International information
- National side: Ireland (1989–2008);
- Only Test (cap 4): 30 July 2000 v Pakistan
- ODI debut (cap 19): 19 July 1989 v Denmark
- Last ODI: 18 February 2008 v Pakistan

Career statistics
| Competition | WTest | WODI | WLA |
| Matches | 1 | 60 | 62 |
| Runs scored | 27 | 699 | 714 |
| Batting average | – | 14.26 | 14.28 |
| 100s/50s | 0/0 | 0/3 | 0/3 |
| Top score | 27* | 74 | 74 |
| Balls bowled | – | 300 | 300 |
| Wickets | – | 5 | 5 |
| Bowling average | – | 38.60 | 38.60 |
| 5 wickets in innings | – | 0 | 0 |
| 10 wickets in match | – | 0 | 0 |
| Best bowling | – | 2/28 | 2/28 |
| Catches/stumpings | 1/0 | 18/9 | 18/9 |
- Source: CricketArchive, 1 December 2021

= Anne Linehan =

Irish cricketer

Anne Margaret Linehan (born 7 October 1973) is a Northern Irish former cricketer who played as a left-handed batter and wicket-keeper. She appeared in one Test match and 60 One Day Internationals (ODIs) for Ireland between 1989 and 2008. She has the seventh longest career in ODI matches.

Linehan was born in Downpatrick, Northern Ireland, and played most of her club cricket for Downpatrick Cricket Club. She made her international debut at the 1989 European Cup in Denmark, and took four wickets at the tournament, including 2/28 against England. Linehan initially played as an all-rounder, bowling right-arm medium pace, but after the 1990 European Cup did not bowl again at international level. At the 1991 edition of the tournament, hosted by the Netherlands, she made her debut as Ireland's wicket-keeper. However, after that she did not again appear for the national team until 1995, missing the opportunity to play at the 1993 World Cup.

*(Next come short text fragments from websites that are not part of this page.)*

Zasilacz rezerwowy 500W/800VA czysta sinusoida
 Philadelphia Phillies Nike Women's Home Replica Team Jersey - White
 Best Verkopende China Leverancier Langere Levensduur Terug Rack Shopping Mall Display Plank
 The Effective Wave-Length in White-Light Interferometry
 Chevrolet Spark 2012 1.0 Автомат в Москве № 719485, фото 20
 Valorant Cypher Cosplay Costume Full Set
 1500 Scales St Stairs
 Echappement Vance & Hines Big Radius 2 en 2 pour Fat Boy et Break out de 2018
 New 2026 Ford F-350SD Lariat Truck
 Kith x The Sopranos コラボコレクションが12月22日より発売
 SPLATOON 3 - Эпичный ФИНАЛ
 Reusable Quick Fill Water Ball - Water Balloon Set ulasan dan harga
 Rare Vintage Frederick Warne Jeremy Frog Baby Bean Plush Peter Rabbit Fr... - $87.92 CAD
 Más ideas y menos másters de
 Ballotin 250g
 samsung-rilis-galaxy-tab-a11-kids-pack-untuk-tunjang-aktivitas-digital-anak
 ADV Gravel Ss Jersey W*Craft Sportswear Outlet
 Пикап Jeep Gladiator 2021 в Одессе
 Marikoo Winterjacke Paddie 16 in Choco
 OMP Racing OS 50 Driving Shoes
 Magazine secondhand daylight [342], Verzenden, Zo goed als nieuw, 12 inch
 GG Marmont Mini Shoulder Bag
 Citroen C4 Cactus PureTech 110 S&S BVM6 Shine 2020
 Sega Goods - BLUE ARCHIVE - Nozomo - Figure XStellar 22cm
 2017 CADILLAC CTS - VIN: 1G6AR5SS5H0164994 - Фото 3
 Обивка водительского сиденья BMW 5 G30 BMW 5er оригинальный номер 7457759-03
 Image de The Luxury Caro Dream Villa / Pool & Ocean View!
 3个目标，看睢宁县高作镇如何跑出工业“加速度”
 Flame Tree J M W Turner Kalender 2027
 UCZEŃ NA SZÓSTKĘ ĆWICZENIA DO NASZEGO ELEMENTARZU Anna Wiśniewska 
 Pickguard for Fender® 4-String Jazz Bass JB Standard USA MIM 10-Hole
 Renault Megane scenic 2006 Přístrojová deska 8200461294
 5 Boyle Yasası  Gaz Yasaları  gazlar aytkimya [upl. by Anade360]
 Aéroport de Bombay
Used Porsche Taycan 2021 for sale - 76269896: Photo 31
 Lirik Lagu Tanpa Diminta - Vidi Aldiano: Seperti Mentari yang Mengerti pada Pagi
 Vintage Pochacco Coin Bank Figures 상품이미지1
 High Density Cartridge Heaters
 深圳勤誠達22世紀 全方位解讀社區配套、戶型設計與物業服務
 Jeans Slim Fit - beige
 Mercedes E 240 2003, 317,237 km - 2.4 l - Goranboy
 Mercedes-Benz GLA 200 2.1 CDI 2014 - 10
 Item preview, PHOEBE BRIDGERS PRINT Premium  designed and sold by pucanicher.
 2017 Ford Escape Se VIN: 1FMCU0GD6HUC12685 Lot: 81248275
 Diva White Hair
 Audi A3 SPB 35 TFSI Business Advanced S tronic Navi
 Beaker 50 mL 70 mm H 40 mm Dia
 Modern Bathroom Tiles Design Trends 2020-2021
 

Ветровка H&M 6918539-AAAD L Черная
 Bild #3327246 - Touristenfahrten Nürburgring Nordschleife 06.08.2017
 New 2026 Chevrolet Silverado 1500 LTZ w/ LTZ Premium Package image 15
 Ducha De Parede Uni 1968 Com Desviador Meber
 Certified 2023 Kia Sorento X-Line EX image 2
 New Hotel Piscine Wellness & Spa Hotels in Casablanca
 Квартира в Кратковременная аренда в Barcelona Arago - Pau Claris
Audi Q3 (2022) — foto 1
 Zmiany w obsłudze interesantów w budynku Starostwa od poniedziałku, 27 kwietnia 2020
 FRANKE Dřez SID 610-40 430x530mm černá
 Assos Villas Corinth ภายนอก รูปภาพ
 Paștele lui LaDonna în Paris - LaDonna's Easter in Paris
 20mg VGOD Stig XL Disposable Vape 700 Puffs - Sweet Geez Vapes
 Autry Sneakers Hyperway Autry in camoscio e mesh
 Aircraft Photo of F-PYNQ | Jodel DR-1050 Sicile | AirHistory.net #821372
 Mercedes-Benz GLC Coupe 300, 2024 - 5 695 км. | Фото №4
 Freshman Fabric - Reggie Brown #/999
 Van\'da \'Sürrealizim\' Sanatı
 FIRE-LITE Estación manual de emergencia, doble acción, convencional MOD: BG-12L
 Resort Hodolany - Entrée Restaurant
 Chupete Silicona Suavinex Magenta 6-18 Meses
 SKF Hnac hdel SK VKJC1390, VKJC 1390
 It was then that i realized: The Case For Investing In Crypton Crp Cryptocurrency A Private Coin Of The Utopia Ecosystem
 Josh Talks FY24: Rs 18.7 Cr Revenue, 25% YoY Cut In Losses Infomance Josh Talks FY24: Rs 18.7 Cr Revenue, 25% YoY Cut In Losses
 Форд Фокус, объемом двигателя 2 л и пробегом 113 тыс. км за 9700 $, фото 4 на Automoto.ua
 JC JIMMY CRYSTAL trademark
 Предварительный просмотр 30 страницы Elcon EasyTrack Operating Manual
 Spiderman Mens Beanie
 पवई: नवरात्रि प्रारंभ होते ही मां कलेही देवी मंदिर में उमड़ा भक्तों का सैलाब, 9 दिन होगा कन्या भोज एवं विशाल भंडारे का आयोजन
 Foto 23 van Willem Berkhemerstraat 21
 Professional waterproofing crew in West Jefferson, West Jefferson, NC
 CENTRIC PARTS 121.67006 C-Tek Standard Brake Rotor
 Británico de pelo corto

At the 1995 European Cup, Linehan scored two half-centuries – 74 against Denmark and 56 against the Netherlands – with only her teammate Mary-Pat Moore scoring more runs. Against Denmark, she and Moore put on 181 runs for the opening wicket, an Irish record. Although by then a regular in Ireland's team, Linehan did not play at the 1997 World Cup in India. During the late 1990s, she often played solely as a batsman, with Sandra Dawson taking on the wicket-keeping duties. In July 2000, Linehan was selected in Ireland's squad for its inaugural (and, so far, only) Test match, against Pakistan. She made 27 not out batting fifth in Ireland's only innings, as her team won by an innings and 54 runs.

Linehan finally made her World Cup debut at the 2000 event in New Zealand, playing in all seven of her team's matches. Against the Netherlands, she scored the third and final half-century of her ODI career, 54 runs from 68 balls. Linehan was appointed Ireland's captain for the 2002 season, and during that time skippered the side in five ODIs – three against New Zealand and two against India. She played a second World Cup for Ireland in 2005, and finished her international career at the 2008 World Cup Qualifier, aged 34. Linehan played 60 ODIs during her career, ranking her fifth for her country, and scored 699 runs, ranking her seventh.